Open AccessFoamy Retrovirus Integrase Contains a Pol Dimerization Domain Required for Protease Activation
Author(s) -
Eun Gyung Lee,
Jacqueline Roy,
Dana L. Jackson,
Pancreas Clark,
Paul L. Boyer,
Stephen H. Hughes,
Maxine L. Linial
Publication year - 2011
Publication title -
journal of virology
Language(s) - English
Resource type - Journals
SCImago Journal Rank - 2.617
H-Index - 292
eISSN - 1070-6321
pISSN - 0022-538X
DOI - 10.1128/jvi.01873-09
Subject(s) - integrase , processivity , biology , retrovirus , leucine zipper , mutant , reverse transcriptase , protease , microbiology and biotechnology , virology , rna directed dna polymerase , enzyme , polymerase , peptide sequence , biochemistry , virus , rna , gene , human immunodeficiency virus (hiv)

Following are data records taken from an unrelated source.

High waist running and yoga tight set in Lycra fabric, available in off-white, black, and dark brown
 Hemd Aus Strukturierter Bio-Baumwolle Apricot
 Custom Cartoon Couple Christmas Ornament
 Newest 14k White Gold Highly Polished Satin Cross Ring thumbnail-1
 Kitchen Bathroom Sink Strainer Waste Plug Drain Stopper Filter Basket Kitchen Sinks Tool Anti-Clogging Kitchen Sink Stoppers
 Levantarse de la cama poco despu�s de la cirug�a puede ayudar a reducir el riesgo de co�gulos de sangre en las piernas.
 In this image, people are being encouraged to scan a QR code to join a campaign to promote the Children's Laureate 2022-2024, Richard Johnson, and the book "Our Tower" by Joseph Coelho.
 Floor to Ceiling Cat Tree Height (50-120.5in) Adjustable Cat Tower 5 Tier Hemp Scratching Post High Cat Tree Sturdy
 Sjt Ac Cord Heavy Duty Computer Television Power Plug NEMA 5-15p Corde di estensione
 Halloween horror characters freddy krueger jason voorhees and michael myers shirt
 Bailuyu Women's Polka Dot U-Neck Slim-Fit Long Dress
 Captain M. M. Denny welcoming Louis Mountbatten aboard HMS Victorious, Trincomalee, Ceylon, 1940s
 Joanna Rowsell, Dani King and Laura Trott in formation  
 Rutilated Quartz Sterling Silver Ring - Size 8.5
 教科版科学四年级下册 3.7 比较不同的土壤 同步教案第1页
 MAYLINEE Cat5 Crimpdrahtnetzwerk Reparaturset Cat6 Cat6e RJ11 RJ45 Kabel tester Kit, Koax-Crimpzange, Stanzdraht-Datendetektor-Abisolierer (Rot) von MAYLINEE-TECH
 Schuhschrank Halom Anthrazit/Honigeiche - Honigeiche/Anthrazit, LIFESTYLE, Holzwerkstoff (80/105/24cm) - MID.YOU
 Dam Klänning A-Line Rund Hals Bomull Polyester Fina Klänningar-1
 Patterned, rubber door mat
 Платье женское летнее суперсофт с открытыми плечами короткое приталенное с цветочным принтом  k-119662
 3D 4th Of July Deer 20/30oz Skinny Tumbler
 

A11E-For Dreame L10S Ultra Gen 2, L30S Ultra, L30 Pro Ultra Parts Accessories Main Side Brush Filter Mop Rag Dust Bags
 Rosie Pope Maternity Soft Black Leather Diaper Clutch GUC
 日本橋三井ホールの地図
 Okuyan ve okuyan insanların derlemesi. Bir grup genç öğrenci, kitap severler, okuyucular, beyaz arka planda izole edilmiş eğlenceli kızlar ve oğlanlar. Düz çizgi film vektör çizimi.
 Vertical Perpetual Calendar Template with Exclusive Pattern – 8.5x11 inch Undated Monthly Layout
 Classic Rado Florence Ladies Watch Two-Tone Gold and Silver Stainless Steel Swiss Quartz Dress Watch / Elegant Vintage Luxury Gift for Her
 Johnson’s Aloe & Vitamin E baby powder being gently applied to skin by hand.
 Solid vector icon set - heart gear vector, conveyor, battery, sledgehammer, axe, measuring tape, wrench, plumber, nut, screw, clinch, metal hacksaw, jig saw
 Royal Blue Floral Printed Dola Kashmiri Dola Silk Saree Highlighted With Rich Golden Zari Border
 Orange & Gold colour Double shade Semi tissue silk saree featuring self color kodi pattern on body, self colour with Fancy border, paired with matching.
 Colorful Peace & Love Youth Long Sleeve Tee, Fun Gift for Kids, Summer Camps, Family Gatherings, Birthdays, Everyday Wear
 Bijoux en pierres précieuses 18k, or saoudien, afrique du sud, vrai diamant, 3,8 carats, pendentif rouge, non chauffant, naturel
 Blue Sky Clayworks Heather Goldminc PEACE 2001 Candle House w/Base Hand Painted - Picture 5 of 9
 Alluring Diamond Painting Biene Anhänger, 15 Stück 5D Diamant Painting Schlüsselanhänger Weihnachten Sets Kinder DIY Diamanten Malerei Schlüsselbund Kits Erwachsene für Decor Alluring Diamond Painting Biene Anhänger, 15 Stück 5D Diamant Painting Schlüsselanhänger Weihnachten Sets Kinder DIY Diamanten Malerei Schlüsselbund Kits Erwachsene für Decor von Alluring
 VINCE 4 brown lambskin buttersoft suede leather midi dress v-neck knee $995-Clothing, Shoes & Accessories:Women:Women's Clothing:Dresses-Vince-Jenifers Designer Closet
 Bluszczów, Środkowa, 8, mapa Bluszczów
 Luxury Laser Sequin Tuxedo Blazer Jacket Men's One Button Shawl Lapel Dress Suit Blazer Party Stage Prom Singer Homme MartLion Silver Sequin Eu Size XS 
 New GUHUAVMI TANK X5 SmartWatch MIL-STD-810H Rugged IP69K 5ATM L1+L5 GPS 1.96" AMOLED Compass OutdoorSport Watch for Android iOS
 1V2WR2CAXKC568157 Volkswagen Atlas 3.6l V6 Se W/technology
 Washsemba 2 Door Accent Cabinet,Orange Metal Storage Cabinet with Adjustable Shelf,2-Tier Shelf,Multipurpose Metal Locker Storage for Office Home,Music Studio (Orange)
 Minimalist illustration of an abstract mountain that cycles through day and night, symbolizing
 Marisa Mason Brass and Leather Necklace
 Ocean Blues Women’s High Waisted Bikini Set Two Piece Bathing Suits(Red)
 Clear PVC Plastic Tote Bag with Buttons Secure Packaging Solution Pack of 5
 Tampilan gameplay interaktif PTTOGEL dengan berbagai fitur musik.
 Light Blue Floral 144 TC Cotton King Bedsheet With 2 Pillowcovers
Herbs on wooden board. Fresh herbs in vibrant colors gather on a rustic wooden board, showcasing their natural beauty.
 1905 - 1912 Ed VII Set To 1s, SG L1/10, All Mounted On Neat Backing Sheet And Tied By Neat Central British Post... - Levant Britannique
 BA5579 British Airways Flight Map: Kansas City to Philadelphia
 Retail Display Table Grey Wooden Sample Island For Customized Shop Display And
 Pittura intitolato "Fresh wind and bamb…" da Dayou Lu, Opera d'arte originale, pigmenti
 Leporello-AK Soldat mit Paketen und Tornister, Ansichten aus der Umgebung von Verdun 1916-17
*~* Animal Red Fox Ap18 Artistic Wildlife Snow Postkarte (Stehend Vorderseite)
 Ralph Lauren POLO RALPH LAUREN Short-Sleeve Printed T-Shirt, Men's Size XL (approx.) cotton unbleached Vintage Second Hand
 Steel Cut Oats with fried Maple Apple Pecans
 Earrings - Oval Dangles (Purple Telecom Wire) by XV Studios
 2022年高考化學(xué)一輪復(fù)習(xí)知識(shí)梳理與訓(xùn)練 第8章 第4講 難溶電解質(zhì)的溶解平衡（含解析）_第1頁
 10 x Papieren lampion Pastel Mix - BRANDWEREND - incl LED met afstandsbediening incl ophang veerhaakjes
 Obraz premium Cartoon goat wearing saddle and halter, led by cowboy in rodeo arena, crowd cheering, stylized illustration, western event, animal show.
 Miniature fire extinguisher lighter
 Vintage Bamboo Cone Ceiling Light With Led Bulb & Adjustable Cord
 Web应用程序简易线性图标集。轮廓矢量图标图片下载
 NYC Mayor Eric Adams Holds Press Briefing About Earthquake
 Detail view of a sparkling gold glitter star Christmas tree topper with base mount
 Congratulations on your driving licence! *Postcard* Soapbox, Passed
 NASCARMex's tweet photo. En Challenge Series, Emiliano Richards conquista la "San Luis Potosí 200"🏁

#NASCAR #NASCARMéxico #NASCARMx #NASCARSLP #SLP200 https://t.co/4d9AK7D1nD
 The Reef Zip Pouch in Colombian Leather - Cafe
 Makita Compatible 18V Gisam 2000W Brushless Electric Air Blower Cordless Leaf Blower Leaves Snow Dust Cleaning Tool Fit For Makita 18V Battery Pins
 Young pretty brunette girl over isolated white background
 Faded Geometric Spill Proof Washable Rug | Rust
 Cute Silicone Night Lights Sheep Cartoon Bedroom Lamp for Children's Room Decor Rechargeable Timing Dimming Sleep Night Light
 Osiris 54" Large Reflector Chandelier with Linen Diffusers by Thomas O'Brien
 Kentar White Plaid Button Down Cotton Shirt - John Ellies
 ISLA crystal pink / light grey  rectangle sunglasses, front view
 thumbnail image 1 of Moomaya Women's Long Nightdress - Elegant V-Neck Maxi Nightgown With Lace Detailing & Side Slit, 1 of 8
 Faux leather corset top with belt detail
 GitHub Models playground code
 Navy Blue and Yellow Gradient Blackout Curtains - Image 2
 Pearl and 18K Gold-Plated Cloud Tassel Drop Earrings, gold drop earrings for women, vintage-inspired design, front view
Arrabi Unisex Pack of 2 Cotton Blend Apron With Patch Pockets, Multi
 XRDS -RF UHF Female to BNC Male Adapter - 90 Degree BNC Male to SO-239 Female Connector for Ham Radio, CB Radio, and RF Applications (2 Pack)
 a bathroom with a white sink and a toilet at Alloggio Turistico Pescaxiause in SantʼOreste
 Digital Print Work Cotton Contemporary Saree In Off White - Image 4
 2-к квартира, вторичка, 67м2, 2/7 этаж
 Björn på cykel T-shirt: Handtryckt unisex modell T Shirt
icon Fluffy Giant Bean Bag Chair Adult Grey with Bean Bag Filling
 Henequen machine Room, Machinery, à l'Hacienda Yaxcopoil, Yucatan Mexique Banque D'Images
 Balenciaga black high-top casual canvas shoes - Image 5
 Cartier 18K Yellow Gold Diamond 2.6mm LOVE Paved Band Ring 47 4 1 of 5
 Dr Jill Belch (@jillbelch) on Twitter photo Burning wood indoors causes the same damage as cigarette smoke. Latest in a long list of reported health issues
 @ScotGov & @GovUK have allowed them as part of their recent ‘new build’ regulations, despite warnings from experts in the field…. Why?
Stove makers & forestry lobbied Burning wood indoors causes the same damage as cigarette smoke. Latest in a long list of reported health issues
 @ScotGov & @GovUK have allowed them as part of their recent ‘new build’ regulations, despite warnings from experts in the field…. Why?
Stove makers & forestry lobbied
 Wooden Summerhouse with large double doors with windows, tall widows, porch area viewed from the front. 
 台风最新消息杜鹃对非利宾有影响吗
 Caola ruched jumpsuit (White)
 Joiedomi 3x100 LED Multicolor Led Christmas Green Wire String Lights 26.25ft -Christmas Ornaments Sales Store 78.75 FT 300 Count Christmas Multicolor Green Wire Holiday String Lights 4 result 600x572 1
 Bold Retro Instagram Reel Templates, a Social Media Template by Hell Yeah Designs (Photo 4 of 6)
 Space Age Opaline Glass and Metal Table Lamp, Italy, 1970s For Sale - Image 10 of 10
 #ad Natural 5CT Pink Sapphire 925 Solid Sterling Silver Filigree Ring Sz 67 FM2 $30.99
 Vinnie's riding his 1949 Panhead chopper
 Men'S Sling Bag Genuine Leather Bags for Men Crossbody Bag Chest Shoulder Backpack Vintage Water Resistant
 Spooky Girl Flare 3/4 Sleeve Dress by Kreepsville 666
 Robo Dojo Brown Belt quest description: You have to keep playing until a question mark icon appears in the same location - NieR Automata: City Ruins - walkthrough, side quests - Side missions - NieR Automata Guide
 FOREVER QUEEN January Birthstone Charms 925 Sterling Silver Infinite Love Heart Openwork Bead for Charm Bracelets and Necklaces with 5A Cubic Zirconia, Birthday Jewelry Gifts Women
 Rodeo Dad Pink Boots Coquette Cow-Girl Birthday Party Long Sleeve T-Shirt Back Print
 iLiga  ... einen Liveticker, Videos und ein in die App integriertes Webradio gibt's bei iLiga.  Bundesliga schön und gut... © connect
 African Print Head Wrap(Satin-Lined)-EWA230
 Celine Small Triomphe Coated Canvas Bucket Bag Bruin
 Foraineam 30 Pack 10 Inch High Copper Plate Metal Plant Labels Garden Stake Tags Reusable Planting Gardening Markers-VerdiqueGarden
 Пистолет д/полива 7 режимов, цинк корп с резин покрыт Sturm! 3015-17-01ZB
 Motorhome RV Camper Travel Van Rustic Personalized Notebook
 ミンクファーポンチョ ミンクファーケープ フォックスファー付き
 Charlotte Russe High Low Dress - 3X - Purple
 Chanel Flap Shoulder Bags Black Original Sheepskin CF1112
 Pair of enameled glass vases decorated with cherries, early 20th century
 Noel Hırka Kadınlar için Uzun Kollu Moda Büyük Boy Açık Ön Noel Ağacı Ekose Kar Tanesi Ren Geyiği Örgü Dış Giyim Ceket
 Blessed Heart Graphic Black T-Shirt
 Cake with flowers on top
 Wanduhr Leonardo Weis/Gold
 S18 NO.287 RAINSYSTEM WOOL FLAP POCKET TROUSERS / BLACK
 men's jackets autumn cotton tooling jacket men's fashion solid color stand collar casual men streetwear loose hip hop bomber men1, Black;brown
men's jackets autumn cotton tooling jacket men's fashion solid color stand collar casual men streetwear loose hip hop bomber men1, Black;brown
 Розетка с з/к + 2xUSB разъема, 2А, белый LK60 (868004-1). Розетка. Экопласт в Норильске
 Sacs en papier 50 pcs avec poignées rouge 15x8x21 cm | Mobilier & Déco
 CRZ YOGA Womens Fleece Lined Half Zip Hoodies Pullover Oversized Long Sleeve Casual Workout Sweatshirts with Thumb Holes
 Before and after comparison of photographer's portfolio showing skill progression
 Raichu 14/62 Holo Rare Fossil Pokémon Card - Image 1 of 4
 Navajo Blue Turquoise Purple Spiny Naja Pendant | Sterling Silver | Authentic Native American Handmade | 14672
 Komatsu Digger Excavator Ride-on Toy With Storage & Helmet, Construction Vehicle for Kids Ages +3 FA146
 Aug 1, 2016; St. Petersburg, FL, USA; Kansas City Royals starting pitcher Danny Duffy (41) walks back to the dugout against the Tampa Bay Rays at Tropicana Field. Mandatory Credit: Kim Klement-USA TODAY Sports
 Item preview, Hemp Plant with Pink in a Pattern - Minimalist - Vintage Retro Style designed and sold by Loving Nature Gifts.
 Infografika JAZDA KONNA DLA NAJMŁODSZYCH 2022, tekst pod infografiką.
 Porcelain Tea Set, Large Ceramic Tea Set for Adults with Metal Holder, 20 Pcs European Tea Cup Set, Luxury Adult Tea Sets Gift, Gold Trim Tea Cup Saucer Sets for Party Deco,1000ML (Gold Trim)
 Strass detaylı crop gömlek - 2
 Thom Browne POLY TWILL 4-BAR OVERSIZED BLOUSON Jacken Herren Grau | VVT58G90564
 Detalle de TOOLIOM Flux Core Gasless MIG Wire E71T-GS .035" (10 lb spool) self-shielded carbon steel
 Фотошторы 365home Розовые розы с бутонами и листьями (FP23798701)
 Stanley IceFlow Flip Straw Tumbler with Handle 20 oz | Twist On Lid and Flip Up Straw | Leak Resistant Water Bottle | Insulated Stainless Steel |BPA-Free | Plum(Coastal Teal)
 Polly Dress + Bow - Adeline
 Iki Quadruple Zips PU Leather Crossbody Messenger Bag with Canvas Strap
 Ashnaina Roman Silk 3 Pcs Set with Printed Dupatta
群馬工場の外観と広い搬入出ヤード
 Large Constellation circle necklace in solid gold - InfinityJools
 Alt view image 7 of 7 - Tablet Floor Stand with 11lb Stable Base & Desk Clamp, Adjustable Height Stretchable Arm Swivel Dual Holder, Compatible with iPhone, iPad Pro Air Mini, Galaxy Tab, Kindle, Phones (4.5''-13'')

Unlike orthoretroviruses, foamy retroviruses (FV) synthesize Pol independently of Gag. The FV Pol precursor is cleaved only once between reverse transcriptase (RT) and integrase (IN) by the protease (PR), resulting in a PR-RT and an IN protein. Only the Pol precursor, not the cleaved subunits, is packaged into virions. Like orthoretroviral PRs, FV PR needs to dimerize to be active. Previously, we showed that a Pol mutant lacking IN has defects in PR activity and Pol packaging into virions. We now show that introduction of a leucine zipper (zip) dimerization motif in an IN truncation mutant can restore PR activity, leading to Pol processing in cells. However, these zip mutants neither cleave Gag nor incorporate Pol into virions. We propose that IN is required for Pol dimerization, which is necessary for the creation of a functional PR active site.